We'll put this in the model_store_decode directory, to keep the onnx model files distinct from the torchserve .mar model archives. model_store/ is created automatically by Torchserve in the container, which is why we're make a local folder here called "model_store_decode".

```
mkdir -p model_store_decode
torch-model-archiver --model-name sam_vit_h_decode --version 1.0.0 --serialized-file models/sam_vit_h_decode.onnx --handler handler_decode.py
mv sam_vit_h_decode.mar model_store_decode/sam_vit_h_decode.mar
```

### Building jupyter server container

Use this container to test the model in a GPU enabled jupyter notebook server with geospatial and pytorch dependencies installed.

```
docker build -t sam-dev -f Dockerfile-dev .
```

### 5. Test the endpoints

You can run `test_endpoint.ipynb` to then use the two running services you started above. The dependencies are minimal for this notebook, install them on your own or you can run them in the jupyter server below.

### 6. Run jupyter server container

This is a GPU enabled container that is set up with SAM and some other dependencies we commonly use. You can use it to try out SAM model in a notebook environment. Remove the `--gpus` arg if you don't have a GPU.

```
docker run -it --rm \
    -v $HOME/.aws:/root/.aws \
    -v "$(pwd)":/segment-anything-services \
    -p 8888:8888 \
    -e AWS_PROFILE=devseed \
    --gpus all sam-dev
```

## Deployment

1. Install the dependencies to deploy from npm

```
npm install -g @openaddresses/deploy
```
2. Set up your credentials by navigating to the AWS SSO login page, and selecting "Command Line Access" to copy the temporary credentials. paste these to `~/.aws/credentials` and rename the AWS profile (ask Ryan for this.)
3. `touch ~/.deployrc.json` and fill it with
```
   {
    "profilename": {
        "region": "us-east-1"
    }
}
```
4. run deploy init to generate a `.deployrc.json` config for the repo. both the local and global config are needed to deploy. Fill in args when prompted based on the profile name
5. commit and make a PR with any changes. wait for all github actions to complete so that the model archives and docker images are built
6. `deploy update prod` to deploy changes to prod


### (Potentially) Frequently Asked Questions
Q: Why two services?

A: We're exploring cost effective ways to run image encoding in a separate, on-demand way from the CPU decoder. Eventually we'd like to remove the need for the CPU torserve on the backend and run the decoding in the browser.

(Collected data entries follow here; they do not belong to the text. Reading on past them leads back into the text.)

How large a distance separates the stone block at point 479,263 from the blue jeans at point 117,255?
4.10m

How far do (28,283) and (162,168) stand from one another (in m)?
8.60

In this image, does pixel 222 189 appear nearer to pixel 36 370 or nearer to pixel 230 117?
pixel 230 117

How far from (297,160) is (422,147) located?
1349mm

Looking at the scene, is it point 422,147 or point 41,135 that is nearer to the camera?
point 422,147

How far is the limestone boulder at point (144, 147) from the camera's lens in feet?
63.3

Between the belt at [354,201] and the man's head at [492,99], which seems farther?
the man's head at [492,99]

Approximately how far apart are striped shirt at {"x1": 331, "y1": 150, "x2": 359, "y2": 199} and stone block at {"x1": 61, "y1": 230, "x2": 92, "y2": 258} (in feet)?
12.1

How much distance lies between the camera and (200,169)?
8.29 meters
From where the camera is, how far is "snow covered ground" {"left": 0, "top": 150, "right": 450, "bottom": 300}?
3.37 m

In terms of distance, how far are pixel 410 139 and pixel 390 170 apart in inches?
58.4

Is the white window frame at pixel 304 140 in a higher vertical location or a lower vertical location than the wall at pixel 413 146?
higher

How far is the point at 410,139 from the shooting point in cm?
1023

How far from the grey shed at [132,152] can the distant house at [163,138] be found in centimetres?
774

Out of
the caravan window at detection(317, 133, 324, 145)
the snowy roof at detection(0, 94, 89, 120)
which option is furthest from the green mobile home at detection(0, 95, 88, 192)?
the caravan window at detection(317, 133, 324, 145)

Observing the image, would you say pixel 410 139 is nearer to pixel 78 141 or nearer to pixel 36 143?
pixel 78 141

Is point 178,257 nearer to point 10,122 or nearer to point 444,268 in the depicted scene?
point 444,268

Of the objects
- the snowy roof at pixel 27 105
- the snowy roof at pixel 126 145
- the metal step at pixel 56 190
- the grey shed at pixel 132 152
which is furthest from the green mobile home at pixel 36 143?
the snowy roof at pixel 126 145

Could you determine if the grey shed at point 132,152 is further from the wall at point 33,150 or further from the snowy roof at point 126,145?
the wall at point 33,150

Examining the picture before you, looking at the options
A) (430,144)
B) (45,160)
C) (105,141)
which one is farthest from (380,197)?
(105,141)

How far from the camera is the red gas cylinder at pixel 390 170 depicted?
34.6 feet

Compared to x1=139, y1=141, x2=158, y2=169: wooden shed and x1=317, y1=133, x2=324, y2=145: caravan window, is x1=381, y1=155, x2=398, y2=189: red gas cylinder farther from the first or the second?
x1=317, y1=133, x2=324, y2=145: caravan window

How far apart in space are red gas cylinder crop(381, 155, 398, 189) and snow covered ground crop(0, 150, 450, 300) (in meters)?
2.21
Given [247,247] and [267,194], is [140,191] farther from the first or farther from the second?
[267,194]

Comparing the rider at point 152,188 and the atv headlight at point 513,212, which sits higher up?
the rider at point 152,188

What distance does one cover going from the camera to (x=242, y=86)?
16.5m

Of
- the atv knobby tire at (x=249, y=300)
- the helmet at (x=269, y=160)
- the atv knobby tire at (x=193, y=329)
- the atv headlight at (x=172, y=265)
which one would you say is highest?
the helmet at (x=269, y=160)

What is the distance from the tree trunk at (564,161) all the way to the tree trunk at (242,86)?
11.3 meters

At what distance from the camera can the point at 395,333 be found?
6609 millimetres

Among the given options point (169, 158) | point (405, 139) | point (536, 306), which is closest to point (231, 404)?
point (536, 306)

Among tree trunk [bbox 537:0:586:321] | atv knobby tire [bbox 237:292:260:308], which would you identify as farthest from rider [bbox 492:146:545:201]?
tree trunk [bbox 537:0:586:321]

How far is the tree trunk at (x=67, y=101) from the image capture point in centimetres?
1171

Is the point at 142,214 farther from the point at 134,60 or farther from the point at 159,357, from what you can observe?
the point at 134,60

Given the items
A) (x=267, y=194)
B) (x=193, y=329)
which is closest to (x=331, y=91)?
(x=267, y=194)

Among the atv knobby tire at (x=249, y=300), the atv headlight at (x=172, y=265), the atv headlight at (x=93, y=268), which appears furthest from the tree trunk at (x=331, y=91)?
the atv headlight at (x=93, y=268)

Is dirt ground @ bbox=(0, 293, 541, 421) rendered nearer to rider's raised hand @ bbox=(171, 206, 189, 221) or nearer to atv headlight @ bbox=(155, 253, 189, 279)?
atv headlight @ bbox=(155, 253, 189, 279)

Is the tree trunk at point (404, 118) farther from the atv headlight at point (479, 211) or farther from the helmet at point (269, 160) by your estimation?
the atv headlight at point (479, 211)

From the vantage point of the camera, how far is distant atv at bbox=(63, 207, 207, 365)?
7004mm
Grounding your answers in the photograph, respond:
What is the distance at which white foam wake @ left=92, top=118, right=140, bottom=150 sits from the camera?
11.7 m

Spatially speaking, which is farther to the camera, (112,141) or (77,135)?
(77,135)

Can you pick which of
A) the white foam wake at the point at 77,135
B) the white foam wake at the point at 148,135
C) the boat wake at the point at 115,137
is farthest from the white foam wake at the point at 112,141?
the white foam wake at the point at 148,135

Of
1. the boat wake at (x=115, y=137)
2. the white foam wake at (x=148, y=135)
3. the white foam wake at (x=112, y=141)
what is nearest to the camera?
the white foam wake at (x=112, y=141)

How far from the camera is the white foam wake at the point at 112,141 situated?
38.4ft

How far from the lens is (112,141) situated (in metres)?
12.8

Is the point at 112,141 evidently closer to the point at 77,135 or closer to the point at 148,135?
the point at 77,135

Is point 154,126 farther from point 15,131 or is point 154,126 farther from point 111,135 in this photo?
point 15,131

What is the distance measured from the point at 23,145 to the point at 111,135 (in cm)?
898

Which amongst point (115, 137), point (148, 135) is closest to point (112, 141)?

Q: Can I contribute or ask questions?

A: This is currently more of a "working in the open" type repo that we'd like to share with others, rather than a maintained project. But feel free to open an issue if you have an idea. Please understand if we don't respond or are slow to respond.

## License

The model and code is licensed under the [Apache 2.0 license](LICENSE).

## References

Kirillov, A., Mintun, E., Ravi, N., Mao, H., Rolland, C., Gustafson, L., ... Girshick, R. (2023). Segment Anything. *arXiv:2304.02643*. https://github.com/facebookresearch/segment-anything

The scripts/export_onnx_model.ipynb and notebooks/sam_onnx_model_example_fox.ipynb are from the original repo.